Following is how JSON string looks

{
    "employee": {
        "id": "c1654935-2602-4a0d-ad0f-ca1d514a8a5d",
        "name": "smith"
        ...
    }
}

Now i am using ObjectMapper#readValue(jsonAsStr,Employee.class) to convert it to JSON. My Employee class is as follows...

@XmlRootElement(name="employee")
public class Employee implements Serializable {
    private String id;
    private String name;
    ...

    public Employee() {
    }

    @XmlElement(name="id")
    public String getId() {
        return id;
    }

    public void setId(String id) {
        this.id= id;
    }

    @XmlElement(name="name")
    public String getName() {
        return name;
    }

    public void setName(String name) {
        this.name = name;
    }
    ...
}

The exception I am getting is 

com.fasterxml.jackson.databind.exc.UnrecognizedPropertyException: 
Unrecognized field "employee" (class com.abc.Employee), not marked as
ignorable (12 known properties: , "id", "name", ... [truncated]])

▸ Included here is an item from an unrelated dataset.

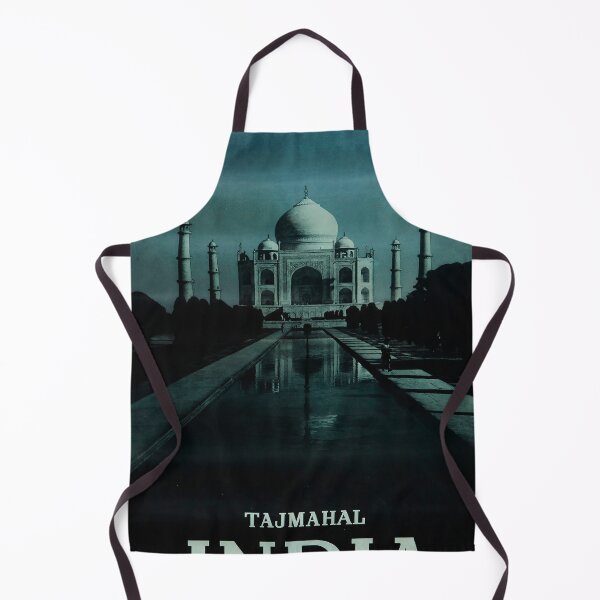 Item preview, retro classic Tajmahal India poster designed and sold by CorasPosters.
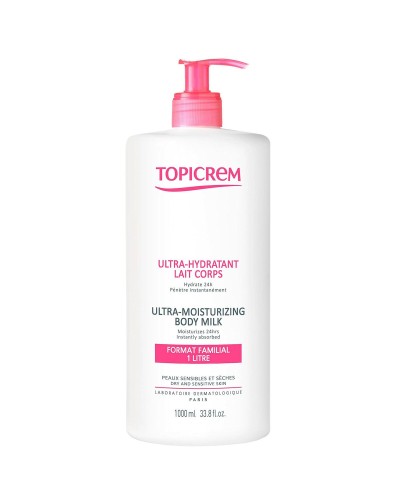 Topicrem UH Lait Corps Hydratant - 1L - Peau Sèche et Sensible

I am not able to understand why "employee" is considered as a property. Am i wrong in assuming that only class members are considered as properties?

Upvotes: 6

Views: 5259

Answers (2)

user2475117
user2475117

Reputation: 43

@peeskillet is right. I was looking for a long time about how to use jax annotation to deserialize the json returned from server since I was getting UnrecognizedPropertyException as well.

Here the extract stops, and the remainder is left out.